# bully's need to feel relevant. weak people befriend them



## Guest (Aug 11, 2016)

Fact: bully's want to be liked sometimes they go to extra lengths to make people feel like shit so they make fun of people but the truth is no one likes a bully they pretend to because they are afraid to be bullied themselves???? its a must that bully's get attention they feed on it and in a very sick way it makes them feel special without it they are extremely lonely People????????

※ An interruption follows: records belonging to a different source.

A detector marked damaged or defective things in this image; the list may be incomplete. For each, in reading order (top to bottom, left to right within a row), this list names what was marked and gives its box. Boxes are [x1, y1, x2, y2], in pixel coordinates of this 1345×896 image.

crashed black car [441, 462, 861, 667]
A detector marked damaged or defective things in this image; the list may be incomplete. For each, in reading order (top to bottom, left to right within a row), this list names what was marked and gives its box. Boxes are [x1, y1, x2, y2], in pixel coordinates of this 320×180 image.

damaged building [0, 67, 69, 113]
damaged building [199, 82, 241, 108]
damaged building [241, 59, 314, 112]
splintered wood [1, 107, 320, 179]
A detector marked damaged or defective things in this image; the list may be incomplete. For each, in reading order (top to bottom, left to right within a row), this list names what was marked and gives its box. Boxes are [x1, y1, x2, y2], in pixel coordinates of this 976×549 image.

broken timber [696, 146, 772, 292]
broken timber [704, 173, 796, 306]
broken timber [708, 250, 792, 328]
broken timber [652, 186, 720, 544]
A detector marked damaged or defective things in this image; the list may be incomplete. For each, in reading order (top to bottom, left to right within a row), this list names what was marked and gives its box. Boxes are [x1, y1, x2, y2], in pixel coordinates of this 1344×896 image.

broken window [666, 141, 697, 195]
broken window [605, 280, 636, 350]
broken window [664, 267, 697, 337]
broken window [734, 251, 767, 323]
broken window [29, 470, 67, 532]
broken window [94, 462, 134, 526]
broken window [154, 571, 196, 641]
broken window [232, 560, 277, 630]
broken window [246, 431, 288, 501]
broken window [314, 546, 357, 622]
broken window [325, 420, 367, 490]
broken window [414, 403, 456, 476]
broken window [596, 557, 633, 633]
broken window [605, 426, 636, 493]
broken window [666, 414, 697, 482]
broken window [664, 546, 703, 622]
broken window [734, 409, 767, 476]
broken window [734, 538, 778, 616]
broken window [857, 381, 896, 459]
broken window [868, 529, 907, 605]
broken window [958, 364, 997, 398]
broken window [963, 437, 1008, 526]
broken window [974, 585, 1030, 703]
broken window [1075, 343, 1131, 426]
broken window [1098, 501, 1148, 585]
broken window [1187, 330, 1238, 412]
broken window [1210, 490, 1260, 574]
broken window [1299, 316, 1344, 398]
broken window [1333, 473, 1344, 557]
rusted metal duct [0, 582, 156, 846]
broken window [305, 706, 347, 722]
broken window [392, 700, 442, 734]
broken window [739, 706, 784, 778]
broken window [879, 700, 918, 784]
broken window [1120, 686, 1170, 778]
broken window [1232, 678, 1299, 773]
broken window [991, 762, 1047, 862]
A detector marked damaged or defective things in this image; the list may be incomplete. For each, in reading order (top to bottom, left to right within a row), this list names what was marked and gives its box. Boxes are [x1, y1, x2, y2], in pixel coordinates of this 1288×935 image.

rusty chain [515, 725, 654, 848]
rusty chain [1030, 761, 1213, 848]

another fact: I am not a bully I think people get the wrong impression of me I am a sweet honest loving mother, daughter ,girlfriend and friend who can be extremely opinionated at times about somethings but I promise you when I run into people who are being mean for absolutely no reason to anybody especially here at dpselfhelp I get harsh with my words because I don't like bully's period✊


----------



## Surfingisfun001 (Sep 25, 2007)

ohhh boy...


----------



## forestx5 (Aug 29, 2008)

Michael Brown age 18 was killed by police in Ferguson MO in August 2014. His parents said he was "a gentle giant". I grew up in the inner city and people like Mr. Brown are relevant there.


----------



## Guest (Aug 12, 2016)

Might I ask what does Michael brown have to do with anything that I just said? What do you mean people like Michel brown are relevant in the inner city are you referring to bully's aka stick up kids and want to be thugs being praised in the hood?I would also like to know in what connection does that video have to do with Michael brown? Was that him? Because all I seen in that video was a bunch of broke bitches beating on a old man and taking the little bit of assets that he possibly has they even took it as far as digging in his pockets looking for some money, what a bum he's that much of a bum that he would go in that old mans pockets and most likely would of took a dollar in change if that's what was in there! He probably wanted to know what was in that bag that would be worth some money he probably walked around trying to sell the bag! I despise nothing more then broke people like that guy who would steal penny's and dollors because they are that pathetic reminds me of a addict.


----------



## forestx5 (Aug 29, 2008)

The video is of Michael Brown. Yes, I am suggesting that violence is currency in the hood.


----------



## Guest (Aug 16, 2016)

Wow what a asshole he was. That's all I have to say.


----------